Weinende Opfer im Fernsehen sind schwer auszuhalten
„Egal, ob im Sport oder der Kirche, oft sind es ja gerade die Menschen, die besonders verehrt und bewundert werden. An deren Seite man so gerne ist und wo gute Gefühle eine Rolle spielen“, sagen Experten wie Sportsoziologin Bettina Rulofs von der Sportuni Köln, die durch ihre europaweiten Studienprojekte täglich mit Missbrauchsfällen zu tun hat.
Ja, es gab und gibt ein Leben abseits des Spielfeldes. Nicht nur in England. Auch hier. Ein Leben, in dem Vertrauen brutal gebrochen wird, Kinderseelen reihenweise geopfert werden. Manche Betrachter und Hörer der Nachrichten der vergangenen Tage mögen es nicht gutheißen, wenn Missbrauchsopfer im Fernsehen verzweifelt weinen. Manche mögen sich bei diesem Anblick fremdschämen. Können nicht verstehen, warum die das nicht im stillen Kämmerlein mit sich selbst austragen, warum sie die ganze Welt mit ihrem alten Seelenmüll zuschütten.
Das sind die, die nichts begriffen haben und die, die auch nichts begreifen wollen. Weil es unbequem ist. Weil es Zeit kostet. Weil es nicht ins Weltbild passt. Das schöne Bild, der schöne Schein. Sportsoziologen sprechen von einem beunruhigenden Desinteresse in deutschen Vereinen, was das Thema Prävention und Aufklärung von sexualisierter Gewalt betrifft. Deshalb ist es gut, dass Englands Fußballskandal in seinem ganzen Ausmaß und seiner Brutalität um die Welt geht.
Der englische Skandal muss ein Weckruf sein für alle Vereine
Der englische Skandal kann nicht nur, er muss ein Weckruf sein für alle Sportvereine! Wer heute noch meint, mit Nichtverstehenwollen seinem Verein einen Gefallen zu tun, ihn damit schützen zu können auf Kosten des Kindswohls, der sitzt auf dem falschen Dampfer. Hier etwas nicht zu begreifen, hier nicht um einfachste Prävention bemüht zu sein, weil man glaubt, es besser zu wissen, ist für den Stand eines Vereines viel gefährlicher.

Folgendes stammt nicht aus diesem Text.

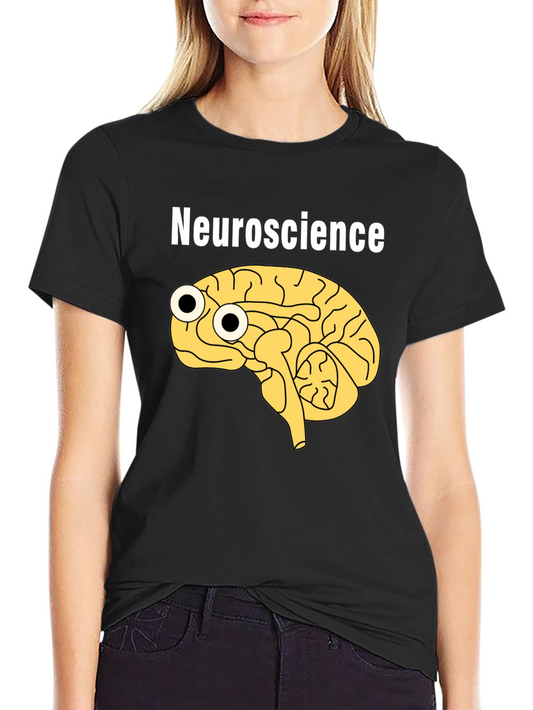 Funny Neuroscience Brain Googly Eyes Black T-Shirt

Vertuschen ist zudem in keinem Lebensbereich ein guter Ratgeber. Täter zu schützen, um den vermeintlich guten Ruf zu wahren, schon gleich gar nicht. Dass Missbrauch in allen Schichten und allen Gesellschaftsbereichen in so einem Umfang stattfinden kann, mag zum Teil dem menschlichen Verdrängungsmechanismus geschuldet sein. Möglich ist er aber nur, weil so viele Menschen wegschauen. Sich Ohren und Augen zuhalten. Sich weigern, einzugreifen, Stellung zu beziehen, sich ohne Wenn und Aber hinter die Opfer zu stellen.
Wer bei diesem Thema dicht macht, wer vorsätzlich wegschaut, wer Wissen zurückhält und damit ermöglicht, dass Kinder weiterhin gequält und gedemütigt werden, der macht sich nicht nur moralisch schuldig, der kann auch laut Strafgesetzbuch wegen Beihilfe zu einer Straftat vor Gericht zur Verantwortung gezogen werden. Und das ist richtig. Denn jeder Missbrauch war und ist ein Verbrechen!